Hari Raya Idul Adha di Kabupaten Blitar berubah menjadi tragedi setelah ledakan petasan di balon udara tanpa awak menewaskan satu orang dan melukai dua anak. Insiden terjadi di persawahan Dusun Tekik, Desa Tambakan, Kecamatan Gandusari, sekitar pukul 06.30 WIB. Warga sedang bersiap ke tempat ibadah saat kejadian maut terjadi.
Korban Tewas Dengan Luka Mengerikan
Korban tewas, seorang pemuda berinisial IH (23) dari Dusun Krajan, ditemukan dalam kondisi kritis setelah ledakan. Lengan kanannya putus total, dan wajah hingga perutnya mengalami luka bakar parah. Dua anak, ADR (11) dan DS (12), hanya mengalami luka lecet ringan. Mereka langsung dievakuasi ke RSUD Ngudi Waluyo.
Baca Juga: Kemen PKP usul bedah 2 juta rumah 2027
Kepolisian Polres Blitar masih menyelidiki penyebab ledakan. Kasi Humas Aiptu Muheni mengatakan, petasan meledak saat masih dipegang korban. “Balon udara itu dipasangi petasan. Kemudian petasan itu meledak dan mengenai korban,” ujarnya.
Korban IH meninggal di rumah sakit akibat pendarahan hebat. Dua anak lainnya kini menjalani perawatan intensif untuk trauma psikis dan fisik. Lokasi kejadian telah dipasangi garis polisi, dan tim Satreskrim masih melakukan olah TKP.
Penyelidikan Masih Berlangsung
Polisi belum menemukan penyebab pasti insiden. “Anggota masih terus melakukan penyelidikan dan pendalaman, untuk penanganan lebih lanjut. Mohon waktunya,” kata Muheni. Tim fokus mengumpulkan bukti seperti sisa balon udara dan serpihan petasan.
Baca Juga: Musikal MAR Kembali Siap Membius Penonton
Korban tewas dan luka tercatat sebagai warga Desa Tambakan. IH (23) dinyatakan meninggal, sementara ADR dan DS dalam kondisi stabil. Warga setempat masih berusaha memahami kejadian yang mengubah hari suci menjadi maut.

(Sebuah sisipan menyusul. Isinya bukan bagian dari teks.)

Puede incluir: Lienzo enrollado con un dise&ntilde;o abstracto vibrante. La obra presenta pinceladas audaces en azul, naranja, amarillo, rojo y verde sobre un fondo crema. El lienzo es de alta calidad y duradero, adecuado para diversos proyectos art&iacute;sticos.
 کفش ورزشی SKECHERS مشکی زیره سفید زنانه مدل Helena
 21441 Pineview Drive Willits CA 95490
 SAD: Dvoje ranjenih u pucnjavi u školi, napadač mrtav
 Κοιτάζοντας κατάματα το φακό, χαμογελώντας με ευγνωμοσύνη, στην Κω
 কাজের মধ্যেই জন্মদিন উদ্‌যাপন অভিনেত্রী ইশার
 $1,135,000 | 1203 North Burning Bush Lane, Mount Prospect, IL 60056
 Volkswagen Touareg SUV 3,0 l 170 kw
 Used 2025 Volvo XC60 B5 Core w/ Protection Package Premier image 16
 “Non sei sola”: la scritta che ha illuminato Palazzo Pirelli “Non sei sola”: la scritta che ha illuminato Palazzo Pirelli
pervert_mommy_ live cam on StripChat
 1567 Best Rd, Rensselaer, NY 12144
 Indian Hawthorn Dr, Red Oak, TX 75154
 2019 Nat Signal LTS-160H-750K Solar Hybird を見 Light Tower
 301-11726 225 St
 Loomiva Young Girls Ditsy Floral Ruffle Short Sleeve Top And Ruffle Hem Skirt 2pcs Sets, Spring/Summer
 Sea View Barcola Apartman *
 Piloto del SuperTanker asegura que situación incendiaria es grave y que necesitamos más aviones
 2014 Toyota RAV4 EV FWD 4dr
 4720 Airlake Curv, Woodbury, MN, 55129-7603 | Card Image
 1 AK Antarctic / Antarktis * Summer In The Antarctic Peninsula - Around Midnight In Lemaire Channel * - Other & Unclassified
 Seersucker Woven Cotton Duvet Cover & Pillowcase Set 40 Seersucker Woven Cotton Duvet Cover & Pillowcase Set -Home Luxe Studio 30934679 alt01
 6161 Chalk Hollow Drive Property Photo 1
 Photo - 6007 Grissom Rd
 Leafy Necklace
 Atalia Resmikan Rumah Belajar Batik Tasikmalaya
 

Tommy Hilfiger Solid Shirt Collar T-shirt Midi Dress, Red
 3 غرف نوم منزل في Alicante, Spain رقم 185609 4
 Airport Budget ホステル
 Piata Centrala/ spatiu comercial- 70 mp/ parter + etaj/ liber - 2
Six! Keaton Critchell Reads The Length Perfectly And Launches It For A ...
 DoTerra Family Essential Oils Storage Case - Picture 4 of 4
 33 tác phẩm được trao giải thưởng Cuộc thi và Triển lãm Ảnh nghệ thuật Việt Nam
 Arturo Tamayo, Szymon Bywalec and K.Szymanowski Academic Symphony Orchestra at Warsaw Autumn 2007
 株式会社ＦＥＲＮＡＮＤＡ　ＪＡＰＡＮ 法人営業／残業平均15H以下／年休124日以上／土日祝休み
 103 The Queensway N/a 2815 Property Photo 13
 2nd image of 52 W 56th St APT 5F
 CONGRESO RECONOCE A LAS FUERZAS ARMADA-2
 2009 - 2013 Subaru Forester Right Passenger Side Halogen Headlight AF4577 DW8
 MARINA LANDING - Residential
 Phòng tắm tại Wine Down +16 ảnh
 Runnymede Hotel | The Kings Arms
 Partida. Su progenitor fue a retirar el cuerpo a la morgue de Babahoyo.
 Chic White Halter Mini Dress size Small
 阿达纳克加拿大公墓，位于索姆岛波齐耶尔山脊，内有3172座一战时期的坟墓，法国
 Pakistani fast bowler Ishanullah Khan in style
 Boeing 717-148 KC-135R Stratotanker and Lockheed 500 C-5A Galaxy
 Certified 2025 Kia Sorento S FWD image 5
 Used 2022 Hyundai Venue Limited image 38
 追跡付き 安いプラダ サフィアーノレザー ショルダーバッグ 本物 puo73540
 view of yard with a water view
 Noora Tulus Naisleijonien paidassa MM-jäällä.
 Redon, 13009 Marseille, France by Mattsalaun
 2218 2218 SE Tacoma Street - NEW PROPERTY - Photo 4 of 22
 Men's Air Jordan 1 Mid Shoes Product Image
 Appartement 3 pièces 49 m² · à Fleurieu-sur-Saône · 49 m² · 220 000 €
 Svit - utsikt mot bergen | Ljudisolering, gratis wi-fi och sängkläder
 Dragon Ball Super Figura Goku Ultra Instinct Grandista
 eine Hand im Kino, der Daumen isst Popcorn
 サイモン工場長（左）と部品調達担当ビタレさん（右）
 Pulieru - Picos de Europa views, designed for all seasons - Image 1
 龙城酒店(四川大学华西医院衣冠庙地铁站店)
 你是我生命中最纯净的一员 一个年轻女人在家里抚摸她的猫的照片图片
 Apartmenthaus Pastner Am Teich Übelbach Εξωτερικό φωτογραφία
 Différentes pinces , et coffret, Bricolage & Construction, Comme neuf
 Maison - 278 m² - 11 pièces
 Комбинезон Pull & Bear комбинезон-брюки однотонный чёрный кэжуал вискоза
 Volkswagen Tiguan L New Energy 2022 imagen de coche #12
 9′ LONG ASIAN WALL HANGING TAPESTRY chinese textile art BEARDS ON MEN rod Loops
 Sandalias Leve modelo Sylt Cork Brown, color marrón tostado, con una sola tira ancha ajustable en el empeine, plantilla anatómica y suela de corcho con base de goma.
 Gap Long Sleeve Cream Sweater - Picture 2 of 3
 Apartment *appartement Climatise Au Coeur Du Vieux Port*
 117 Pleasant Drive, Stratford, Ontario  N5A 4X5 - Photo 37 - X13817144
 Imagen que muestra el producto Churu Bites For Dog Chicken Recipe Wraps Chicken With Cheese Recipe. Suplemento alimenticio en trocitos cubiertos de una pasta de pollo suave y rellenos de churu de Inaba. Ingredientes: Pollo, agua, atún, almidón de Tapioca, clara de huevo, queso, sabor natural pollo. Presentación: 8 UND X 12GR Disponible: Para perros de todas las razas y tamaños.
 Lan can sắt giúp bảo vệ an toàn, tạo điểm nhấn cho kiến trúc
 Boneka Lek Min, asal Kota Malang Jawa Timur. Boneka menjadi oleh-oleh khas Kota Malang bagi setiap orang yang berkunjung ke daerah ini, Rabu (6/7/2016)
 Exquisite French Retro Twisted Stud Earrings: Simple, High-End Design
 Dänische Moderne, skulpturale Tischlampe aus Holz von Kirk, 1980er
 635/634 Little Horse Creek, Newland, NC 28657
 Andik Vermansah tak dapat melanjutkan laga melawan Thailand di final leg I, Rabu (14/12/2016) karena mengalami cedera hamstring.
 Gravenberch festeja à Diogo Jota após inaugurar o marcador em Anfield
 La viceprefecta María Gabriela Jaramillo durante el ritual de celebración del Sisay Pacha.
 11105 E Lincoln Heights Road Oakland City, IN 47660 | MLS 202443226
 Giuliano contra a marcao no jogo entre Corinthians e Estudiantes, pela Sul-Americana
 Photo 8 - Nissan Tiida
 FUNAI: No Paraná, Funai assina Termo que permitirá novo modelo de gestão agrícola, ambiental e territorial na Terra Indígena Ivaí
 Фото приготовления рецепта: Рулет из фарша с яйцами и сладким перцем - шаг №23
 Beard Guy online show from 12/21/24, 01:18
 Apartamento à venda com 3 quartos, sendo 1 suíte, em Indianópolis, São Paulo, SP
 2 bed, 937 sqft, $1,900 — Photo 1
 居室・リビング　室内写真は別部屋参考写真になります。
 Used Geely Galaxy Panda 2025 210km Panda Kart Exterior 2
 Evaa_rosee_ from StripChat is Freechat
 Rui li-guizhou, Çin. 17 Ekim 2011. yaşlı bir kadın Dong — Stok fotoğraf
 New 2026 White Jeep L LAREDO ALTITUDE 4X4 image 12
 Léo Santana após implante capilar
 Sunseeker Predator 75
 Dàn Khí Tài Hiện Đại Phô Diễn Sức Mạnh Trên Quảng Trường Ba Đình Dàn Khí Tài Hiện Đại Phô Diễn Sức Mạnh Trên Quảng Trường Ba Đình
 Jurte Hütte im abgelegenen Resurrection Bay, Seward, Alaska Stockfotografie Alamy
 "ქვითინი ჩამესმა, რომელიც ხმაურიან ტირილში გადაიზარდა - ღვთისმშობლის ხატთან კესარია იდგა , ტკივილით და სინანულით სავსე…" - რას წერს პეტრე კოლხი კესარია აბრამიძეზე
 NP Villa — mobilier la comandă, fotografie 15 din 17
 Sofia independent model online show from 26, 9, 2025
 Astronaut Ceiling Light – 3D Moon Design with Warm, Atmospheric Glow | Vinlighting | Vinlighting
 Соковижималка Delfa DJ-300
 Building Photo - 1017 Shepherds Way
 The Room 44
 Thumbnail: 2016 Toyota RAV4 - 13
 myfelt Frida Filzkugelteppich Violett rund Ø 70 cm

Penyelidikan terhadap asal-usul petasan dan balon udara ilegal terus berjalan. Polisi menegaskan tidak akan tinggal diam. Warga diimbau menghindari aktivitas berisiko di area persawahan saat perayaan besar.
Insiden ini menambah daftar kecelakaan terkait petasan di wilayah Jawa Timur. Meski tidak ada data resmi tentang tren tersebut, warga sering melaporkan kejadian serupa di daerah pedesaan.
Baca Juga: Mengapa Pergantian Musim Bikin Badan Loyo
RSUD Ngudi Waluyo menjadi tempat perawatan korban. Fasilitas medis diimbau meningkatkan kesiapan menghadapi kejadian serupa. Sementara itu, warga berharap kejadian ini menjadi pelajaran untuk tidak mengulangi kesalahan.
Ketiga korban kini mendapat perhatian dari masyarakat. Upaya penyelidikan berlanjut, dan polisi berkomitmen mengungkap pelaku jika ditemukan. Insiden ini menjadi peringatan untuk menghindari penggunaan bahan peledak secara ilegal.